Minimal Sensor Placement for Generic State and Unknown Input Observability

TL;DR

This paper investigates the minimal sensor placement problem for ensuring state and input observability in linear systems with unknown inputs, revealing its NP-hardness and proposing bounds and algorithms for approximate solutions.

Contribution

It provides refined conditions for sensor placement in structured systems, proves NP-hardness of the problem, and introduces polynomial-time bounds and a two-stage approximation algorithm.

Findings

Determined the NP-hardness of minimal sensor placement for unknown inputs.

Established polynomial-time bounds for the placement problem.

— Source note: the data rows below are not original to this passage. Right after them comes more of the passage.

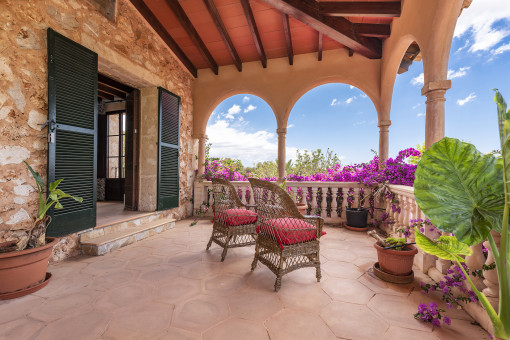 Romantische überdachte Terrasse
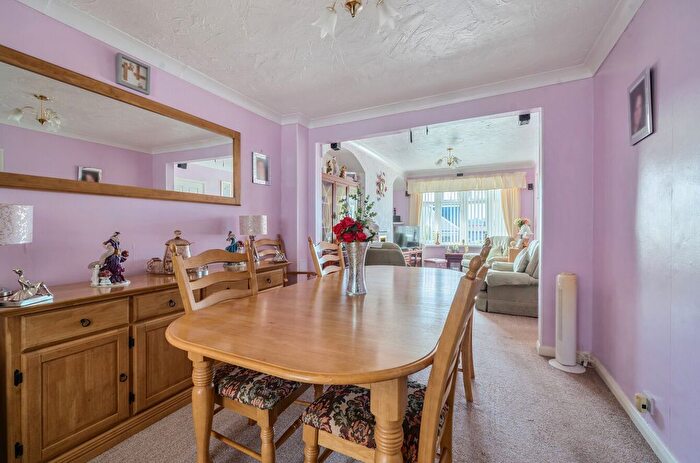 3 Bedroom Semi Detached Bungalow For Sale In Barton Crescent, Paignton, Devon, TQ3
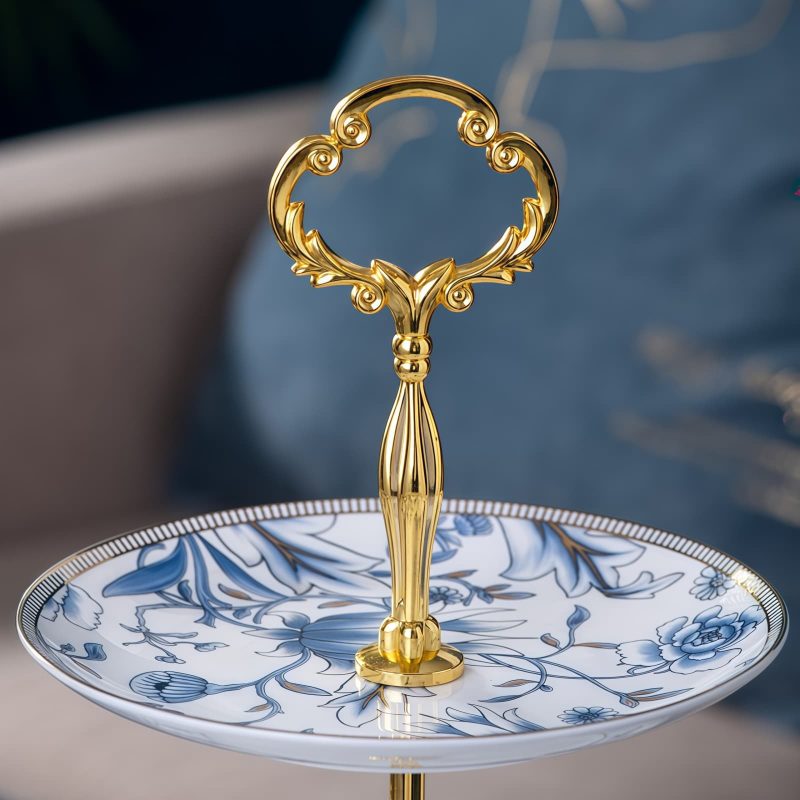 Etagere aus Bone China mit blau-weißem Yucca-Blütenmuster Blue White Yucca Floral Bone China Tiered Server | Elegant Dessert Display - 2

Developed a two-stage polynomial-time approximation algorithm.

Abstract

This paper addresses the problem of selecting the minimum number of dedicated sensors to achieve observability in the presence of unknown inputs, namely, the state and input observability, for linear time-invariant systems. We assume that the only available information is the zero-nonzero structure of system matrices, and approach this problem within a structured system model. We revisit the concept of state and input observability for structured systems, providing refined necessary and sufficient conditions for placing dedicated sensors via the Dulmage-Mendelsohn decomposition. Based on these conditions, we prove that determining the minimum number of dedicated sensors to achieve generic state and input observability is NP-hard, which contrasts sharply with the polynomial-time complexity of the corresponding problem with known inputs. We also demonstrate that this problem is hard to approximate within a factor of $(1-o(1)){\rm{log}}(n)$, where $n$ is the state dimension. Notwithstanding, we propose nontrivial upper and lower bounds that can be computed in polynomial time, which confine the optimal value of this problem to an interval with length being the number of inputs. We further present a special case for which the exact optimal value can be determined in polynomial time. Additionally, we propose a two-stage algorithm to solve this problem approximately. Each stage of the algorithm is either optimal or suboptimal and can be completed in polynomial time.